#### [DATA FOR REVIEW]
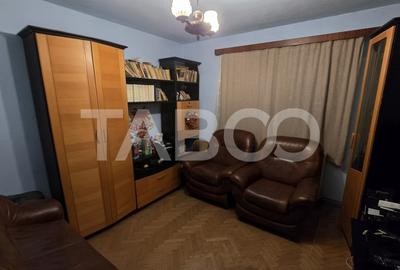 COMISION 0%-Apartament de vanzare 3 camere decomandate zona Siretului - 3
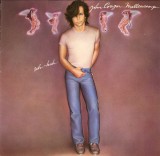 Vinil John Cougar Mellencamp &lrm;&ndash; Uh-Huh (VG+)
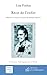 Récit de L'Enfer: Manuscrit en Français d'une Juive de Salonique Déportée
* * *
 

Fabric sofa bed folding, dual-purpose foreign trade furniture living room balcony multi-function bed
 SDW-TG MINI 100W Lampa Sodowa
---
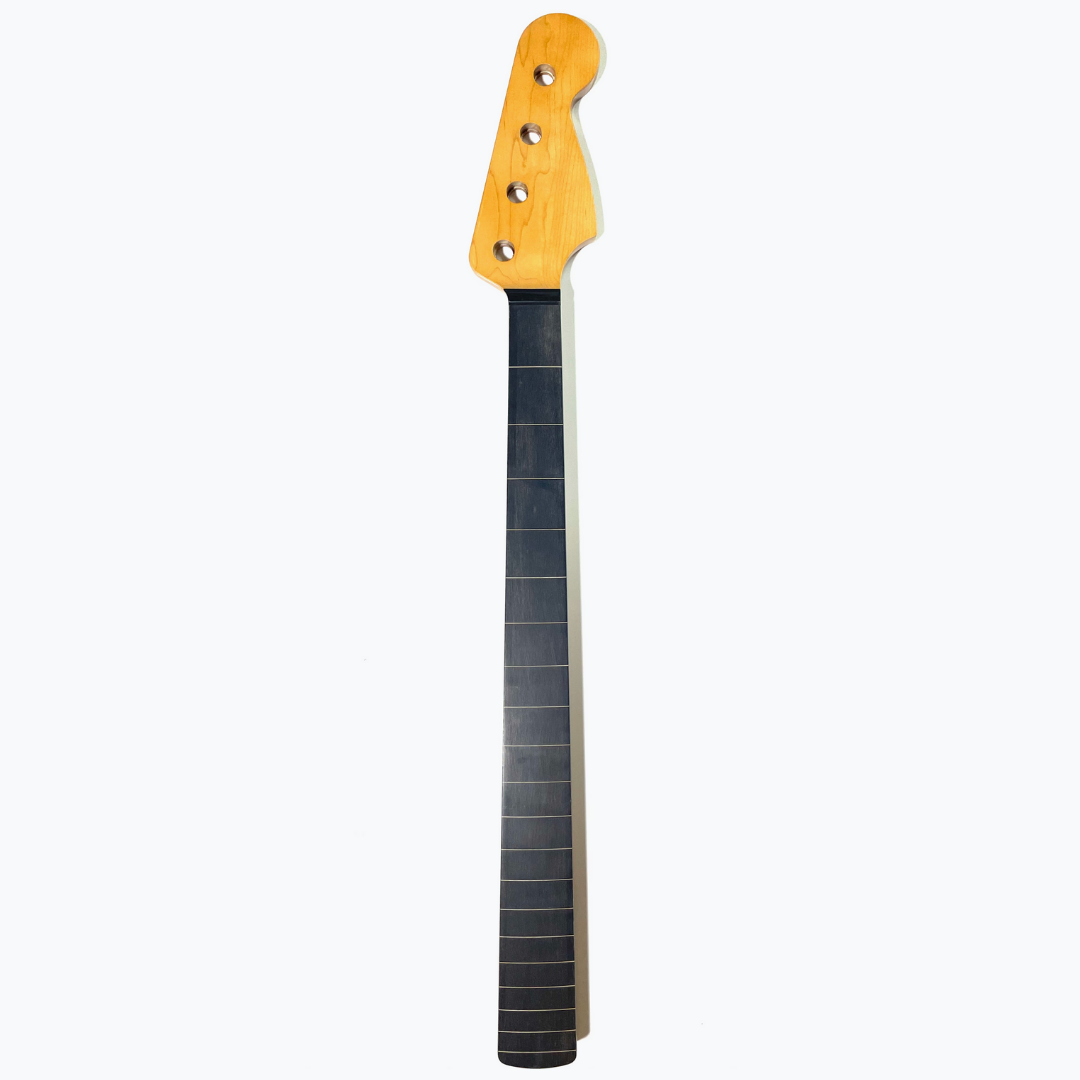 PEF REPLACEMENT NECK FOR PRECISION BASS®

#### [WHAT IS BEING ASKED]
All that should be printed is the run of lines above from the one with "COMISION 0%-Apartament de" through the one with "Récit de L'Enfer: Manuscrit", both included, exactly as given, with pictures left out.

#### [RESPONSE AREA]
 COMISION 0%-Apartament de vanzare 3 camere decomandate zona Siretului - 3
 Vinil John Cougar Mellencamp &lrm;&ndash; Uh-Huh (VG+)
 Récit de L'Enfer: Manuscrit en Français d'une Juive de Salonique Déportée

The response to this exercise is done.